■ **Task goal**: For the records below, output each line exactly as it appears, from the first through the line with "Medium Full Motion TV Wall Mount".
───── Record set ─────
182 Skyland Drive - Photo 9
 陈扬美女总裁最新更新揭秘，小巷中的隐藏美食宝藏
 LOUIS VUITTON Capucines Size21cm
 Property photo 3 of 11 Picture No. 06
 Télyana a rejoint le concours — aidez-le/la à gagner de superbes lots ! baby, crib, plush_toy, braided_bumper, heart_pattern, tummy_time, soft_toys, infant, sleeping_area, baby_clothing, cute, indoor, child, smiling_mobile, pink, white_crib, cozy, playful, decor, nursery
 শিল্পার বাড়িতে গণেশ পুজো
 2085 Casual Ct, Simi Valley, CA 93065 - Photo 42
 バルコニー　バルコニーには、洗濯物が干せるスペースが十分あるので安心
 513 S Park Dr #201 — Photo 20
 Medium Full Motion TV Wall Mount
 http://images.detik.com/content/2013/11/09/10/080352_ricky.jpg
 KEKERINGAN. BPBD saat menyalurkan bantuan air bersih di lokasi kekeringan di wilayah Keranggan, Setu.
─────
■ **Response to the task**:
182 Skyland Drive - Photo 9
 陈扬美女总裁最新更新揭秘，小巷中的隐藏美食宝藏
 LOUIS VUITTON Capucines Size21cm
 Property photo 3 of 11 Picture No. 06
 Télyana a rejoint le concours — aidez-le/la à gagner de superbes lots ! baby, crib, plush_toy, braided_bumper, heart_pattern, tummy_time, soft_toys, infant, sleeping_area, baby_clothing, cute, indoor, child, smiling_mobile, pink, white_crib, cozy, playful, decor, nursery
 শিল্পার বাড়িতে গণেশ পুজো
 2085 Casual Ct, Simi Valley, CA 93065 - Photo 42
 バルコニー　バルコニーには、洗濯物が干せるスペースが十分あるので安心
 513 S Park Dr #201 — Photo 20
 Medium Full Motion TV Wall Mount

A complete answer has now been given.